July 13, 2010

Kagan and Obamacare Recusal

WSJ implores the Senate to press Kagan on her role in Obamacare to determine whether she should be required to recuse herself when the inevitable challenge reaches the Supreme Court.
In response to Senate queries, Ms. Kagan has said she'll recuse herself from participating in 11 cases on which she represented the government in her current job as Solicitor General. The challenge to ObamaCare isn't one of them, though the cases brought by Florida and 20 other states were filed in March, well before President Obama announced her nomination on May 10.

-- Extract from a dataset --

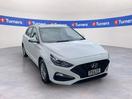 Photo of 2023 Hyundai I30 PDE 1.5 Hatch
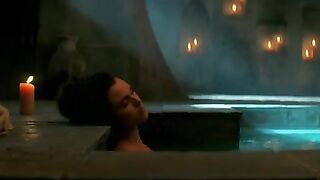 Poppy Drayton & Ivana Banquero - Shannara Chronicles s1e06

Ms. Kagan was never asked directly at her hearings about her role as SG regarding the health-care lawsuits. The closest anyone came was this question from Oklahoma Republican Tom Coburn: "Was there at any time—and I'm not asking what you expressed or anything else—was there at any time you were asked in your present position to express an opinion on the merits of the health-care bill?"

Ms. Kagan: "There was not."

Regarding a potential recusal, that's not the right question. Ms. Kagan was unlikely to have been consulted on the merits of health-care policy, and even if she did express an opinion on policy this would not be grounds for recusal. The legal precedents on that are clear.

Recusal arises as a matter of judicial ethics if as a government official she expressed an opinion on the merits of the health-care litigation. This is what she would have to render a judgment on were she to be confirmed for the High Court. It is also the question on which she is likely to have participated given her role at the Justice Department.